Eric Toussaint (Namur, Belgique 1954), docteur en sciences politiques des universités de Liège et de Paris VIII étudie depuis plus d’un quart de siècle la manière dont le FMI ou la Banque mondiale utilisent la dette « pour discipliner un pays ». D’abord centré sur la dette externe du Tiers-Monde, il fonde en 1990 le Comité pour l’annulation de la dette du Tiers-Monde (CADTM) dont il est le porte-parole. Il a conseillé plusieurs pays comme l’Equateur, le Paraguay et le Timor. Lorsque la crise de la dette publique a éclaté dans les pays de la périphérie européenne, Toussaint a intégré à son combat le « Premier Monde ». Il a été coordinateur scientifique de la Commission pour la Vérité sur la dette grecque, créée par Zoe Konstantopoulou, ex-présidente du Parlement grec jusqu’à sa dissolution en novembre 2015.

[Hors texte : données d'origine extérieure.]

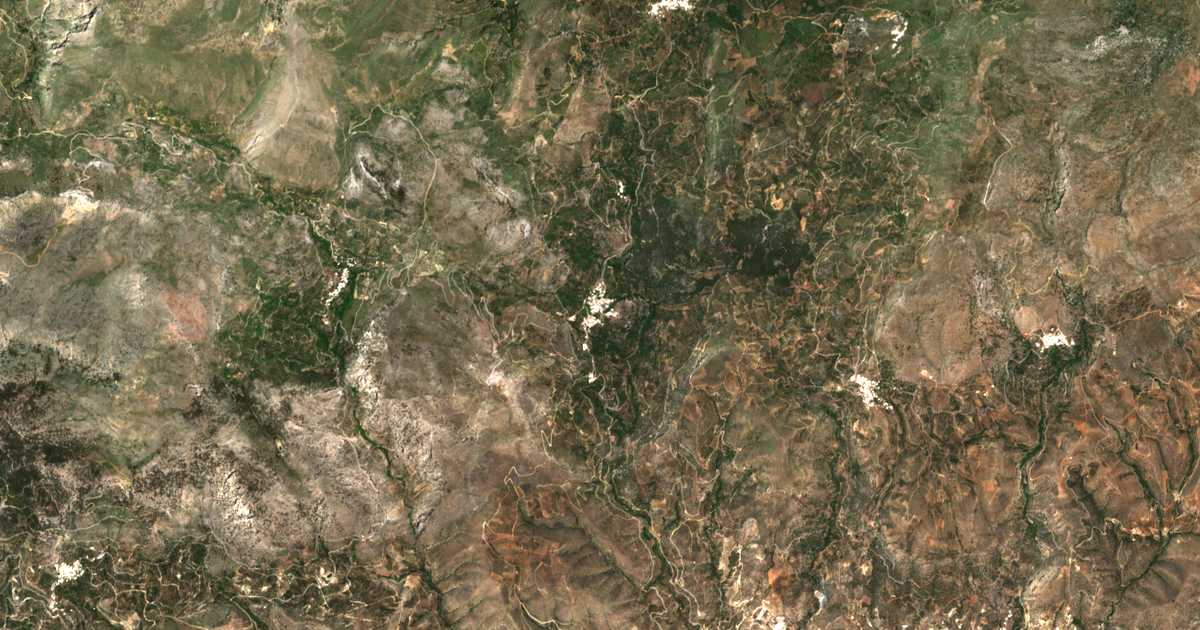 Satelitska karta: Stavrochórion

Quand on demande à Eric Toussaint qui soutient en Espagne la Plateforme d’audit citoyen de la dette pourquoi l’audit de la dette a disparu de l’agenda de Podemos - alors qu’il fait partie de son programme, il pointe « la pression d’un discours de realpolitik » pour se débarrasser des questions difficiles de la presse. « Il est plus facile de dire que le paiement de la dette ne pose plus de problème. Or, si le paiement de la dette est pour l’instant gérable, la situation pourrait très rapidement changer dans le cas d’une nouvelle crise bancaire ».
Partie prenante de l’initiative du Plan B (voir : http://cadtm.org/Un-Plan-B-pour-l-Europe), il est convaincu non seulement du fait que la social-démocratie ne cherche pas à réformer l’Europe mais également que l’Union européenne n’est pas réformable. C’est pourquoi il met en avant la nécessité de « désobéir aux institutions européennes ».
Amanda Andrades : Quelles ont été les principales conclusions du Comité d’audit de la dette grecque que vous avez dirigé ?
Eric Toussaint : La dette à l’égard de la Troïka, qui représente plus de 85% du total de la dette grecque est illégale, insoutenable, odieuse et illégitime. Il s’agit d’une nouvelle dette contractée depuis 2010 sous des conditions très claires : des politiques imposées par les créanciers qui violent les traités internationaux en matière de protection des droits humains. La dette est également insoutenable d’un point de vue financier et les politiques dictées par les créanciers sont à l’origine de la chute radicale du produit intérieur brut de la Grèce.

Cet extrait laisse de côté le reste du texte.